Now Ukraine is more hostile toward Russia than it was before the war began, and I think that was the opposite of what Russia was intending.
I don’t think it is possible now to say what Russia would consider a win. If they see they can’t achieve their original objectives, they’ll ask what they can walk away with and what can Putin sell to Russians as being worth this kind of war.
But even if they walk away without achieving any objectives, I don’t think that is necessarily a threat to Putin. He might be able to stay in power just because he has constructed a system where dissent is punished, and people are incentivized to not speak out and trained to think they can’t bring about change.

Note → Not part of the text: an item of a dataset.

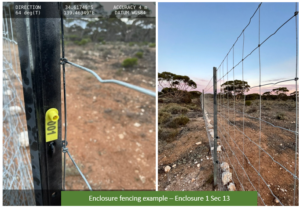 Establish Enclosures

On the Ukrainian side, they want to take back all their territory. Including all the Donbas and Crimea, but at a minimum they want to get back to the situation as of February 23, 2022. But the main thing for Ukraine was to remain a sovereign state and in that respect they have already won. Russia is not going to take Kyiv, barring a complete cut-off of ammunition supplies from the West. That by itself is a victory — Ukraine is still around. Whether they can take back all the territory that Russia has occupied, I don’t know. They may have to accept — out of exhaustion — that they can’t take back all the territory, but I don’t know what the final front line might look like.
But it is very clear what Russian occupying forces have done in Ukraine and that gives a very strong incentive for Ukraine to try to retake as much territory as possible. That is a very strong motivating factor. I don’t think we are going to see Ukraine push for negotiations anytime soon. They have said the starting point for any negotiations is a return to the February 24 borders.